The Army confronted a similar situation in the aftermath of the Vietnam War. And much like the late 1970s and early 1980s, the Army responded by embarking on a generational transformation to shift its focus back to preparing for high-intensity warfare with peer competitors in Europe and the western Pacific. Since 2015, the Army has made significant institutional, doctrinal, organizational, and material progress in driving this transformation forward. The Army has created Futures Command; moved out on developing a new operational concept, multi-domain operations (MDO); launched a major force structure redesign initiative; and pursued an ambitious modernization plan that has been resourced, in part, through self-imposed cuts to nonpriority programs.

The Army’s transformation remains a work in progress and potential pitfalls still lurk on the horizon.

The Army should be commended for how far it has come over the last five years, particularly in terms of modernization, and the pace of change has only accelerated since the publication of the 2018 National Defense Strategy. But the Army’s transformation remains a work in progress and potential pitfalls still lurk on the horizon. As the Department of Defense embarks on developing the next defense strategy and the Army charts its path forward, several important considerations should be kept in mind. These considerations include figuring out how to fight inside adversary A2/AD early in a conflict, experimenting with new force designs for a war with China in the western Pacific, prioritizing the development of new sustainment concepts and forces, and the potential for active IBCTs to serve as a source of force structure trade space. Each of these considerations could have significant doctrinal, material, and organizational implications for the Army’s effort to remake itself into a 21st-century fighting force.

Figure Out How to Fight Inside Adversary A2/AD Early in a Conflict

Faced for the first time in a generation with nuclear-armed peer competitors as its principal security challenge, the United States has increasingly shifted toward a deterrence-by-denial and defense-by-denial approach centered on blunting adversary aggression at the outset of a conflict. But blunting aggression cannot be accomplished solely from standoff distances, nor can the U.S. military afford to wait until the adversary’s A2/AD capabilities are significantly degraded before coming to grips with attacking forces. Forward positioned U.S. forces, including Army forces, will need to fight inside highly contested environments early in a conflict. This type of role has strong antecedents in the Army’s history. The last time the United States faced a significant peer threat, during the late Cold War, the Army’s primary mission was to fight on highly lethal battlefields along the inner German border to keep the numerically superior Soviet army at bay. In fact, the motto of the Army’s principal doctrine at the time, AirLand Battle, was to “fight outnumbered and win.”

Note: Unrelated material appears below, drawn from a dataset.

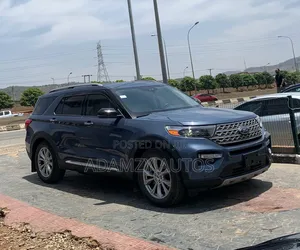 Ford Explorer 2021 Blue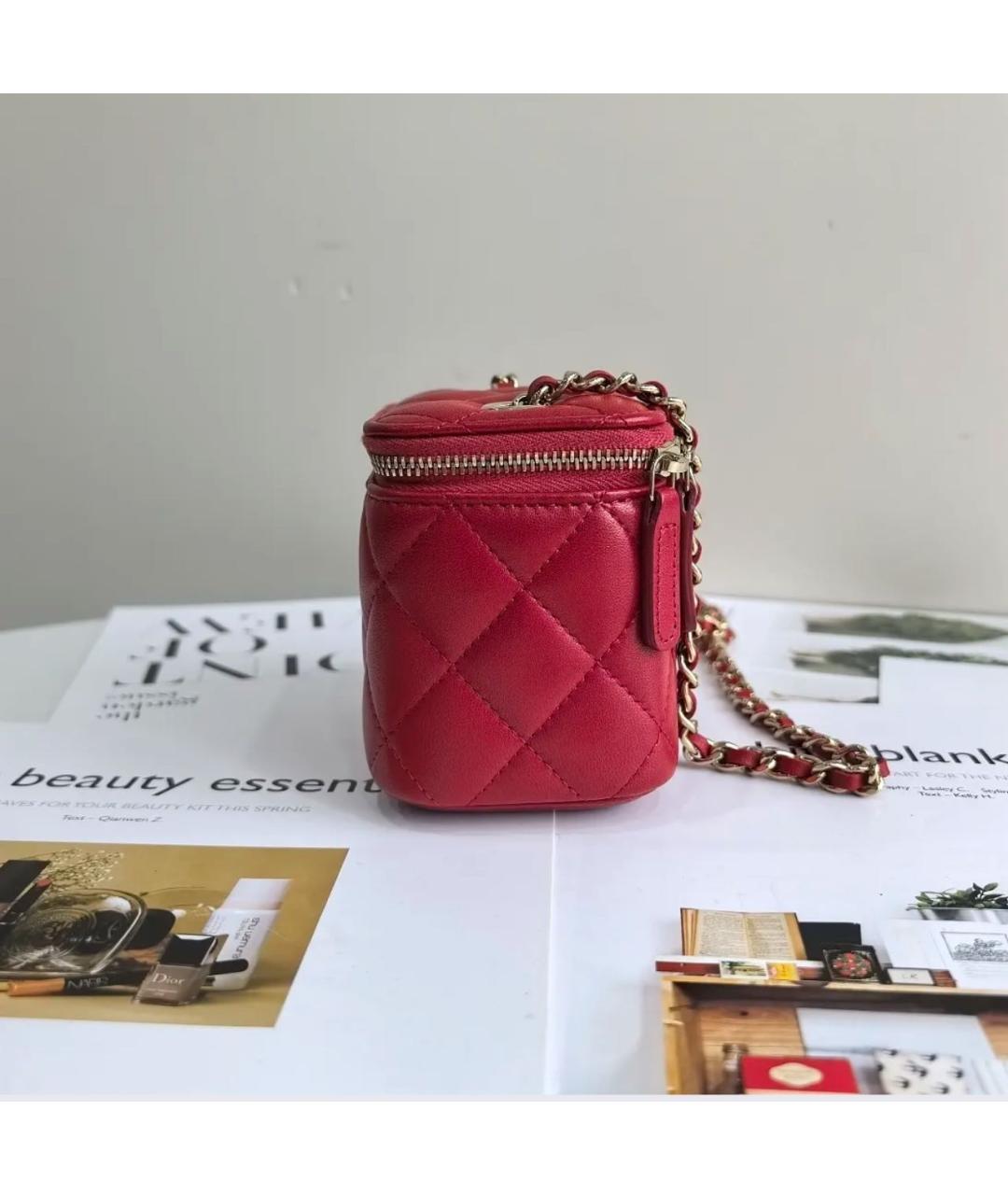 CHANEL Красная кожаная сумка через плечо, фото 3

The Army’s emerging doctrine, MDO, recognizes the importance of having lethal and resilient forces capable of fighting within adversary A2/AD early in a conflict. It emphasizes the need for forward-postured and rapidly deploying forces to be able to deny an adversary fait accompli, stating that in a conflict, these forces must “immediately contest the enemy attack by enemy maneuver forces.” But on future battlefields saturated with adversaries’ massed precision fires and electronic warfare capabilities, this is easier said than done. MDO, which primarily focuses on how to degrade adversaries’ A2/AD capabilities over time, is short on details that explain how to do so. Moreover, the increased lethality and vastly expanded depth of future battlefields presents a more difficult challenge than Army forces faced in the late Cold War. Preparing for 21st-century combined-arms maneuver by simply dusting off AirLand Battle will not be enough.

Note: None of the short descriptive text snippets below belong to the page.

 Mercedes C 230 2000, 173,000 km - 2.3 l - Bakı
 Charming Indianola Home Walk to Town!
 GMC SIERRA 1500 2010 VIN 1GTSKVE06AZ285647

Preparing for 21st-century combined-arms maneuver by simply dusting off AirLand Battle will not be enough.

The Army needs to prioritize its conceptual development efforts on how these inside ground forces will fight and survive within highly contested environments to degrade, delay, and deny enemy maneuver forces early in a conflict. This shift in focus is critical not only because it will require doctrinal innovation, but also because the resulting operational and tactical concepts will almost certainly have major implications for the Army’s capability development, force structure, and posture. In short, a force designed to fight outnumbered in the thick of adversaries’ A2/AD early in a conflict will undoubtedly need to look, posture, and operate differently than one designed to degrade A2/AD before launching a counterattack.

Experiment with New Tactical Force Designs for a War with China in the Western Pacific

There is an old saying the Army likes to use when comparing itself to the other services—the Army isn’t platforms, its people. The truth is, however, that the Army is formations. That is, those combinations of people, capabilities, and organizations that make up the Army’s warfighting force structure. These formations are the means through which the Army fights and will therefore be the ultimate manifestations of the Army’s transformation efforts. Accordingly, the Army has launched the AimPoint Force Structure Initiative to design the Army of the future.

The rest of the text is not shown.